Concluding, I urged educational leaders to focus on value, adaptability and purpose. That is, we must do a better job communicating the value of higher education and not take for granted that people agree.
We also must work hard in pursuit of truth to transmit and expand knowledge at a time when the only constant is rapidly accelerating change. Given this reality, adaptability is both imperative and a springboard for progress such as using technology to expand access to quality affordable legal services to underserved and less advantaged people.
The most urgent purpose for legal educators is having the courage to teach, uphold and defend our constitutional democracy and the rule of law. We can and should resist and fight back against what, forgive me, feels to me like what could be the start of a Great Repression.
We may not yet be at the end of our democratic union, but we can see it from here. This is our time, as educators and lawyers, to step up. It is what we do. And we must. Now. Not just for our students, but for the public.

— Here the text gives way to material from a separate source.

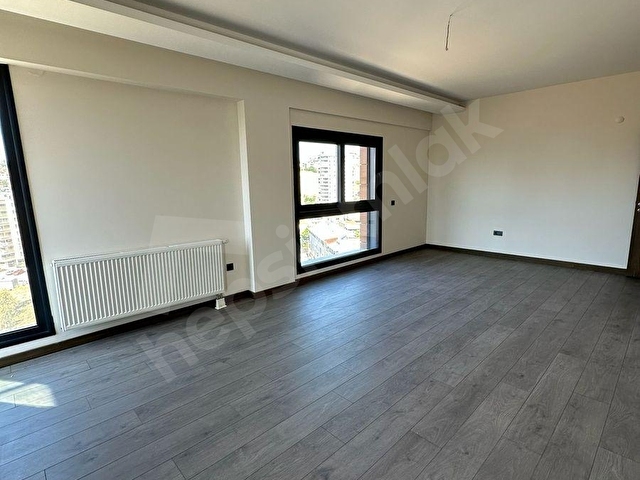 İzmir Karşıyaka Green Sitesinde Satılık 3+1 Daire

I am not saying we should be political. We can call balls and strikes on constitutional issues. We can have vigorous, civil, thoughtful conversations and even disagreements over what is a ball and what is strike. But when a pitch hits someone in the head, it is not a strike. And when it is flagrantly intentional, there must consequences.
We can be assertive calmly and courteously but firmly. We should stand in stark contrast to the daily threats and baseless insults by prominent powerful people attacking fellow Americans whose shoelaces the abusers are not worthy to untie.
So sad. Pathetic really. In contrast we can turn the other cheek and show a better way to lead the nation’s business.
Well, that night, after the self-administered therapy of eulogizing my dad and preaching to a brilliant choir at the symposium, I enjoyed a wonderful dinner with the honoree and her ever-supportive lawyer husband, Marty Carpenter.
Then I red-eyed back home and took care of what we could. Amen.